Financial issues and debt are difficult for nearly everyone to deal with and to plan for, so when a couple marries the difficulties tend to multiply. While financial planning is not one of the most pleasant collaborations between spouses, it is absolutely necessary in order to maintain healthy finances – as well as a healthy relationship.
Most individuals have some form of debt that must be repaid such as mortgages, student loans, auto loans, or credit card debt. In order to make your and your spouse’s finances work for you, it is imperative that both of you work together to avoid unnecessary debt and to handle debt that already has been incurred.

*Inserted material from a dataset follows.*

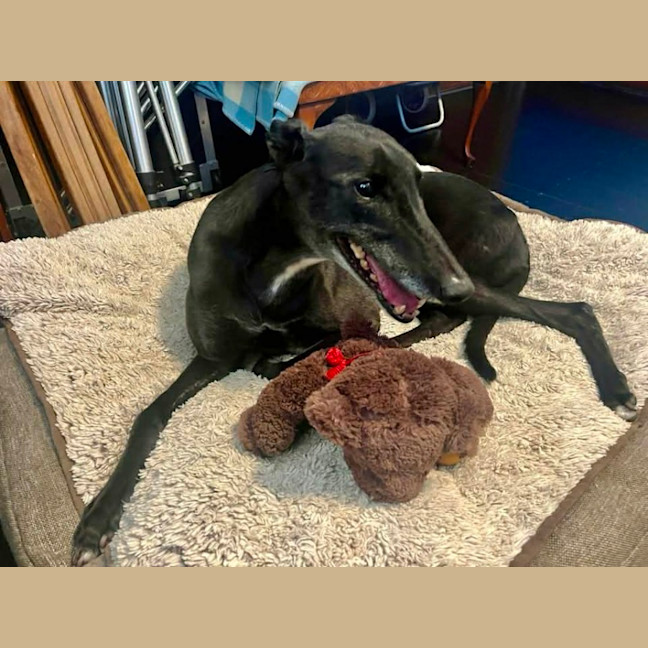 Photo of Meli, The Greyhound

Avoiding Debt in a Marriage
The ideal debt situation is, of course, for a couple to enter into marriage without any debt whatsoever, but this is unlikely. At the very least then, whether marriage is still in your future or you already are married, you and your partner both should strive to avoid unnecessary debt.
Communication
It probably sounds like a cliché by now, but communication really is the secret to a good marriage – the financial aspects of it anyway. The sooner the better in a serious relationship, the couple should discuss openly, honestly, and completely, the details of their financial situations. They should share banking, checking, credit card and credit information, and should disclose any and all debts that they owe.
If this conversation comes before marriage, then each partner should try to develop a plan that will eliminate a majority of their debt beforehand. If the couple already is married, then they might prefer to come up with a plan together.
Discussing your financial concerns and goals absolutely should not be avoided. It is when individuals ignore their finances and hope for the best that problems arise. Cover everything – investments, life and health concerns, estate planning, etc.
Discuss with your partner your financial goals in both the near and the distant future. For example, if you would like to purchase a home within the next few years, then discuss how and when you expect to achieve your goal. Developing and sticking to a budget really is the best way to plan for the future and to avoid future debt.
Planning
To develop a budget, you should track everything on which you and your spouse spend money for one week. This provides you with valuable information about exactly where your money is going, which is necessary in order to know where you can cut back in your budget. Based on your estimations, work together to create a workable, realistic budget to keep your finances under control.
To ensure that bills are being paid and to eliminate confusion, you and your spouse should designate one person to be the “bill payer”. This does not mean, of course, that the other should be left in the dark. Remember – communication!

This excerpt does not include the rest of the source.